Reference no: EM133643102
Chapter 6 explores the human resource frame's origin, focus, and content. The chapter covers several areas:
The frame's fundamental premise (people's skills, insights, ideas, energy, and commitment are an organization's most critical resource).
It's core assumptions.
Its central elements (human needs and capacities and the fit between people and organization).
The changing employment contracts.
The authors point out that needs are hard to define, difficult to measure, and still a source of contention among social scientists. Still, the concept of human needs helps us understand the primary conditions people require to survive and develop. The authors see needs as based on genetic predispositions shaped and molded by environmental interaction. Reviewing theories of motivation, Bolman and Deal note that there is a range of views about what people need to bring to work, but individuals have multiple needs beyond pay. Abraham Maslow's hierarchy of needs, Douglas McGregor's Theory X and Theory Y, and Chris Argyris's theory of personality-organization fit are explored as classic foundations of the human resource perspective.
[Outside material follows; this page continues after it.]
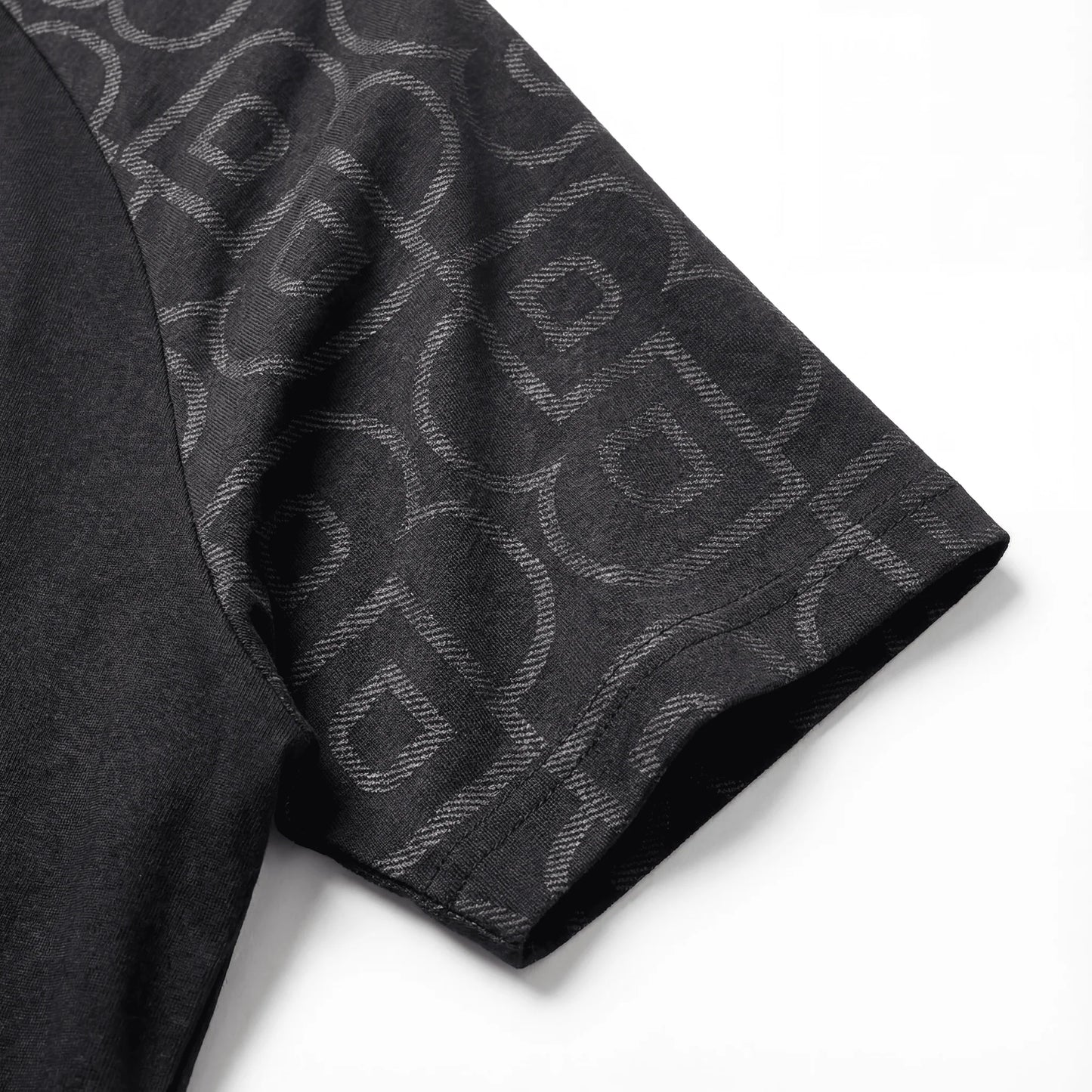 Boss "Monogram Sleeve"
In discussing the changing employment contract, the authors examine the shifting relationship between individuals and organizations. Rapid change and global competition create dilemmas for organizations. Pressures for flexibility push organizations to downsize, outsource, and use part-time employees, but at the risk of sacrificing the knowledge, skills, and loyalty critical to high performance. The chapter discusses two different responses to this dilemma: lean and mean (downsizing, outsourcing, and so on) and investing in people (building loyalty and skill).
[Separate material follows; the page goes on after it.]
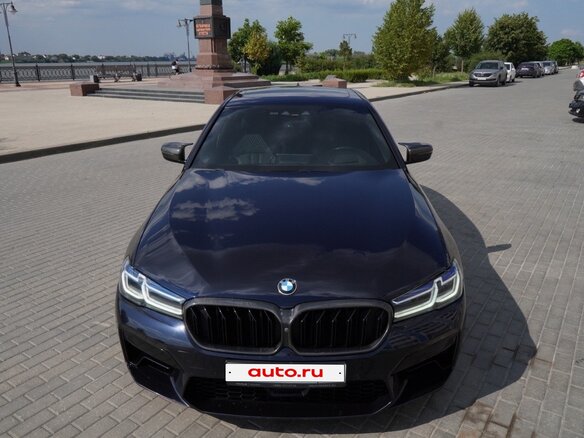 2020 BMW 5 серии 540i xDrive VII (G30/G31/G38) Рестайлинг, синий, 6199000 рублей - вид 2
1. Identify the core assumptions of the human resource perspective and summarize its history.
2. Explain why people's needs are important in the human resource perspective and how needs relate to the fit between organizations and individuals.
3. Discuss the nature and significance of the changing employment contract.
4. Contrast the two basic strategies for managing employees in today's organizations: the "lean and mean" approach and investing in people.